[Problem to work on]
Omit the pictures and copy the entries exactly.

[Source material]
########
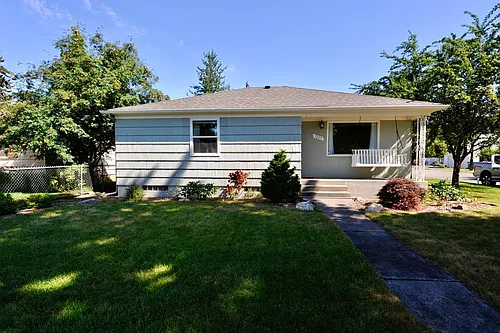 1223 E Saint Maries Ave Photo 1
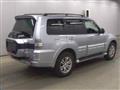 2015 Mitsubishi Pajero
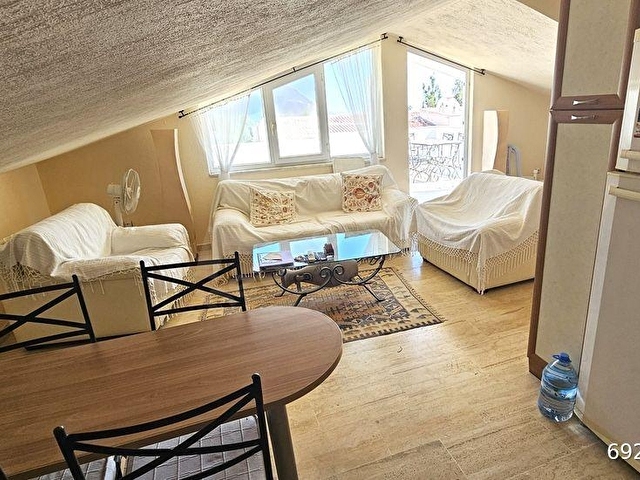 Özel Teraslı, İki Yatak Odalı Çatı Katı Daire - Görsel 23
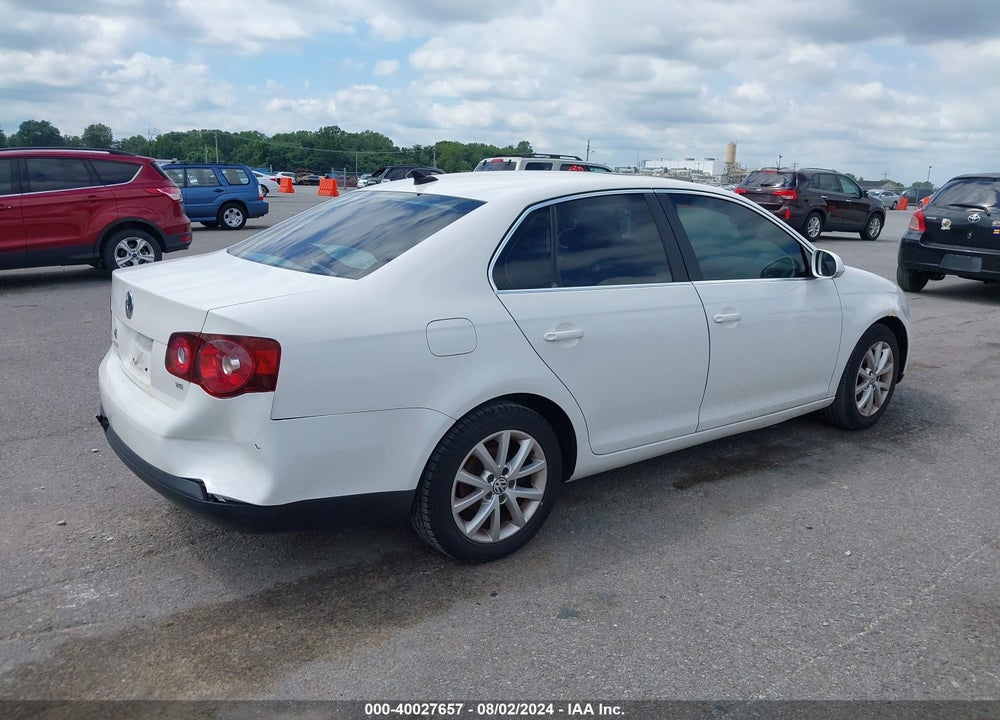 2010 VOLKSWAGEN JETTA SE VIN: 3VWRX7AJ4AM049460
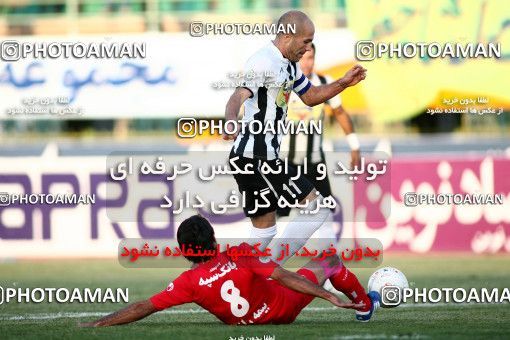 1097986, Qom, Iran, لیگ برتر فوتبال ایران، Persian Gulf Cup، Week 15، First Leg، Saba Qom 0 v 0 Tractor Sazi on 2010/11/11 at Yadegar-e Emam Stadium Qom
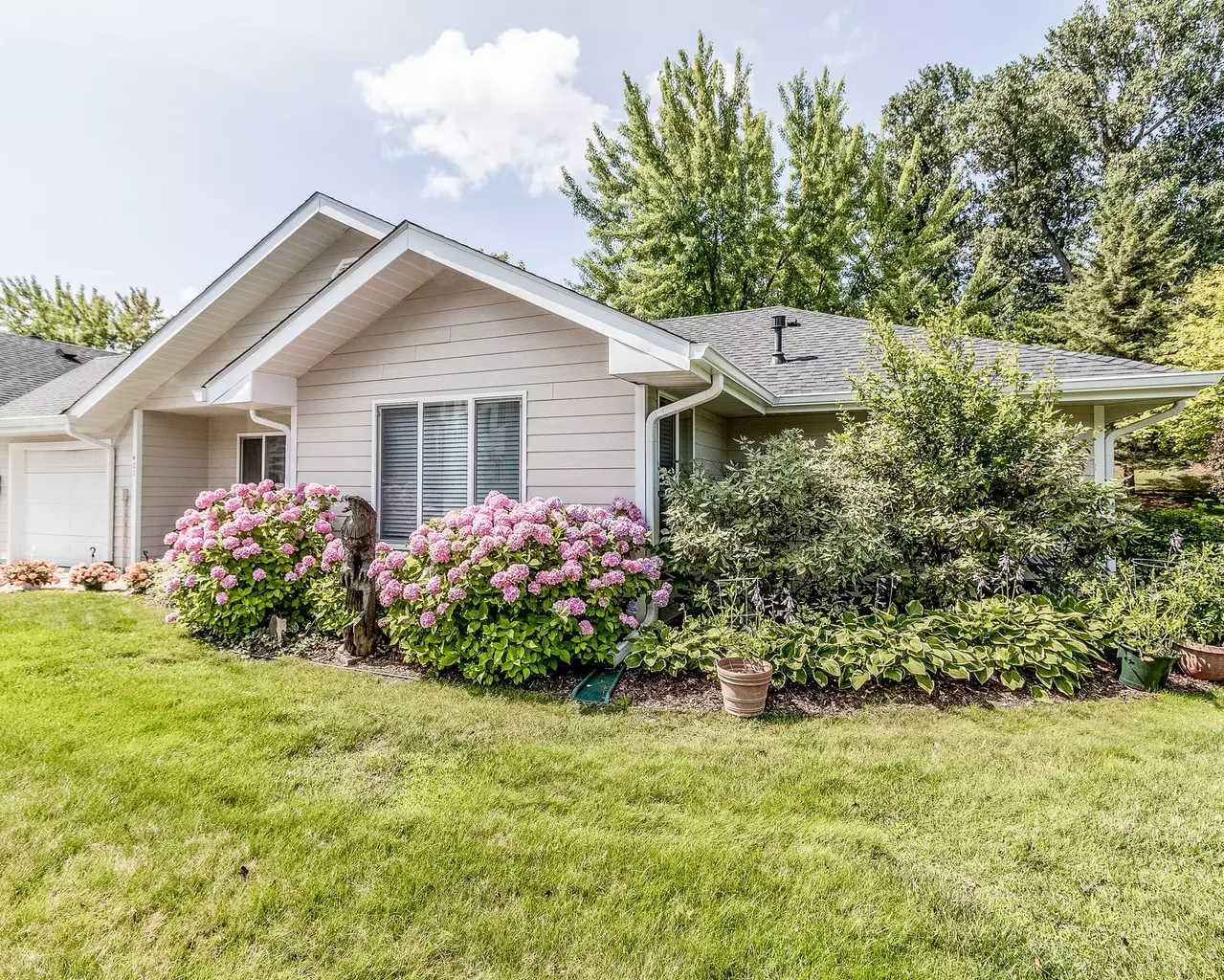 Independence Village of Traverse City (Glen Eagle), Traverse City, MI 11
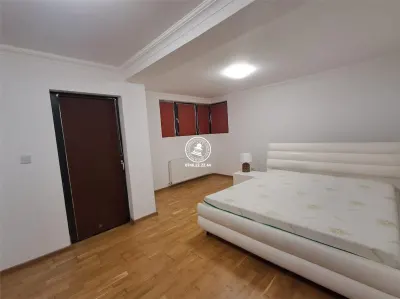 Casa cocheta de vanzare, zona centrala Tg. Cucu - Podul de Fier - foto 12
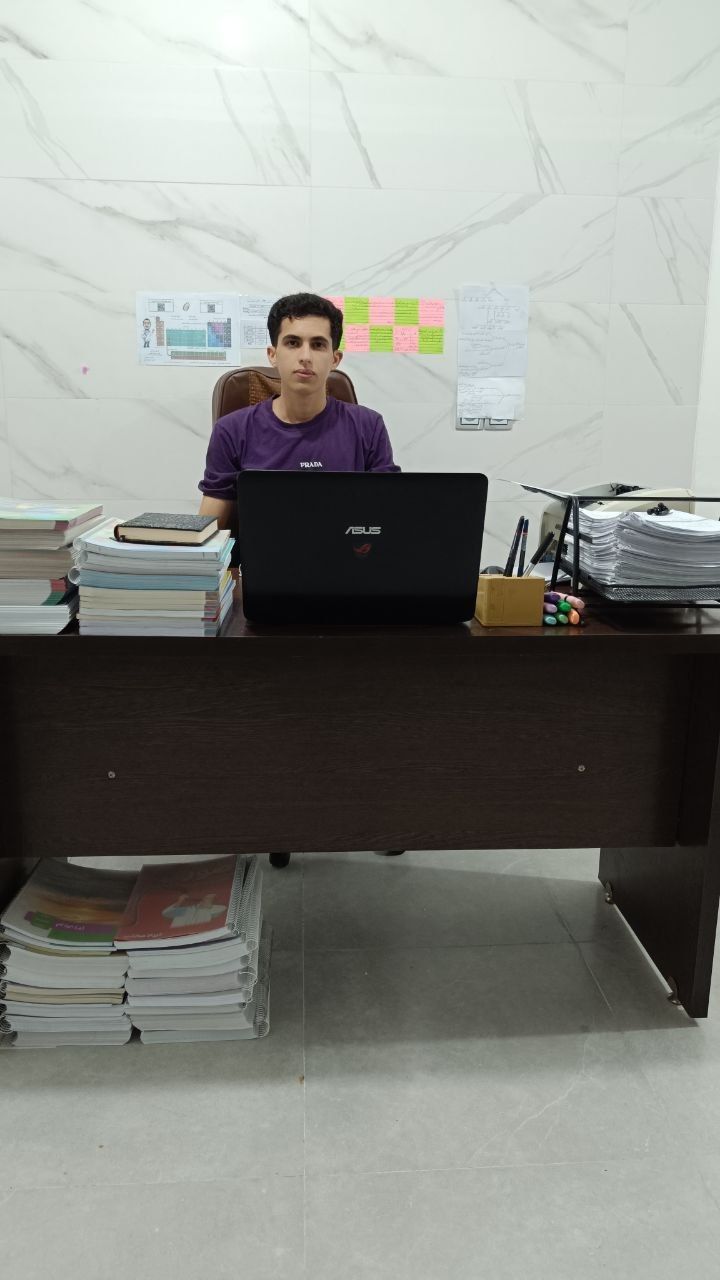 قهرمان پیشرفت و پیوستگی علیرضا فرهادی دوازدهم تجربی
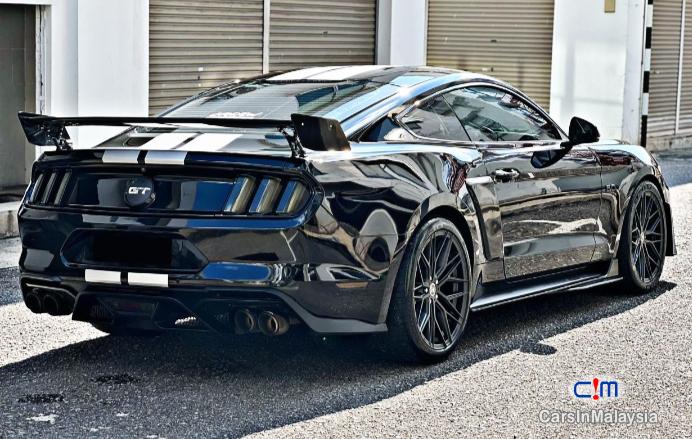 Ford MUSTANG 5.0-Liter SPORT SUPERCAR KERETA SAMBUNG BAYAR Automatic 2019 - image 3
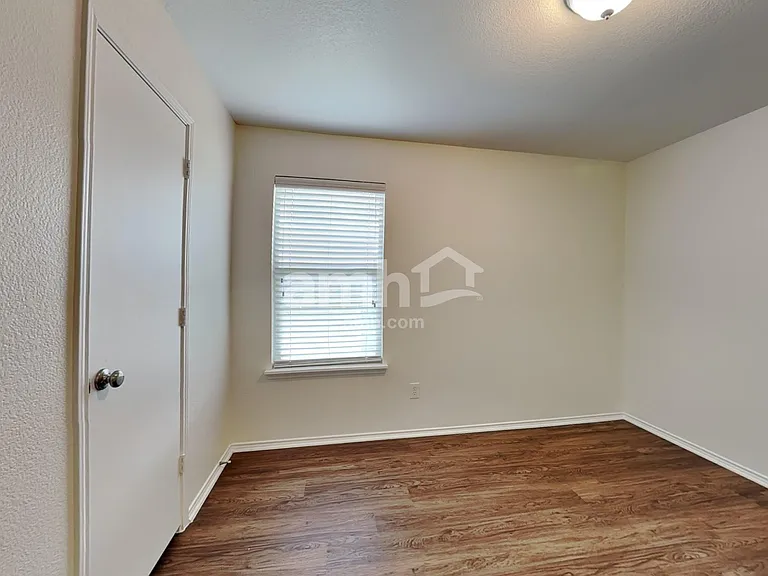 1036 Cove Hollow Dr — Photo 17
########
[Exercise response]
 1223 E Saint Maries Ave Photo 1
 2015 Mitsubishi Pajero
 Özel Teraslı, İki Yatak Odalı Çatı Katı Daire - Görsel 23
 2010 VOLKSWAGEN JETTA SE VIN: 3VWRX7AJ4AM049460
 1097986, Qom, Iran, لیگ برتر فوتبال ایران، Persian Gulf Cup، Week 15، First Leg، Saba Qom 0 v 0 Tractor Sazi on 2010/11/11 at Yadegar-e Emam Stadium Qom
 Independence Village of Traverse City (Glen Eagle), Traverse City, MI 11
 Casa cocheta de vanzare, zona centrala Tg. Cucu - Podul de Fier - foto 12
 قهرمان پیشرفت و پیوستگی علیرضا فرهادی دوازدهم تجربی
 Ford MUSTANG 5.0-Liter SPORT SUPERCAR KERETA SAMBUNG BAYAR Automatic 2019 - image 3
 1036 Cove Hollow Dr — Photo 17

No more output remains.